Aux Bahamas, certains hôtels utilisent des machines locales pour transformer les algues en compost sur site.
Ces innovations démontrent qu’une fois correctement traitées, les sargasses peuvent devenir une matière première précieuse.

Opération de ramassage d'algues sargasses en mer au Robert. • ©Capture facebook Ville du Robert
Un Défi de Saison et de Logistique
L’une des grandes difficultés reste la variabilité des arrivages. En moyenne, les sargasses sont présentes sept mois par an, avec de fortes disparités mensuelles. Cette irrégularité saisonnière rend complexe la planification d’une filière industrielle stable. Certaines années voient des arrivages massifs, d’autres connaissent des périodes d’accalmie.
Autre défi logistique : la teneur en eau très élevée des sargasses fraîches. Une grande partie du poids est constituée d’eau, ce qui nécessite un séchage important avant tout usage industriel. Cela représente un coût énergétique non négligeable.
Chiffres clés :
Coût moyen du ramassage par tonne : environ 100 à 250 €
Tonnage collecté en Martinique entre 2018 et 2023 : plus de 100 000 tonnes
Teneur en eau des sargasses fraîches : jusqu’à 90 %
Une Filière à Structurer
Pour structurer la filière, des rencontres institutionnelles se sont multipliées. En juin 2025, une réunion d’envergure s’est tenue au Robert, rassemblant le préfet, le conseil exécutif de la Collectivité Territoriale de Martinique, des maires de communes concernées, des militaires du RSMA, et divers acteurs privés impliqués dans la collecte en mer.
Ces discussions visent à créer un cadre juridique clair pour permettre aux projets de valorisation de se déployer plus rapidement, tout en garantissant la protection des populations et de l’environnement.
« Il faut pouvoir assurer un modèle économique viable sur toute l’année et accompagner les entrepreneurs pour franchir les étapes de recherche et de mise sur le marché. » – Frédérick Voyer, GIP Sargasses
Entre Espoir écologique et Opportunité économique
Transformer les sargasses en richesse n’est pas un rêve inaccessible. C’est même une réalité qui émerge. Dans un contexte de transition écologique, cette plante invasive peut devenir un atout insulaire.
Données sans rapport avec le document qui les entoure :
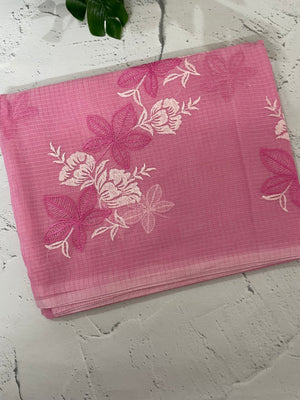 Kota checks saree with embroidery MS7699 - Pink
La Martinique, grâce à l’ingéniosité de ses habitants et l’appui de ses institutions, peut tracer la voie d’une économie circulaire locale, respectueuse de la santé publique et de l’écosystème caribéen.
Les futurs investissements devront cependant garantir des méthodes de transformation durables, rentables et conformes aux exigences européennes.
Ce modèle pourrait un jour s’exporter vers d’autres territoires touchés par les sargasses, faisant de la Martinique un modèle d’innovation environnementale tropicale.
Conclusion
Ce qui fut longtemps perçu comme un fléau pourrait bien devenir un moteur d'innovation pour la Martinique. Si les défis techniques, logistiques et réglementaires sont nombreux, les perspectives sont prometteuses. La valorisation des sargasses s’impose comme une voie d’avenir pour conjuguer développement économique local, création d’emplois et préservation de l’environnement. Un pari ambitieux, mais indispensable pour un territoire en quête de résilience face aux enjeux climatiques et écologiques du XXIe siècle.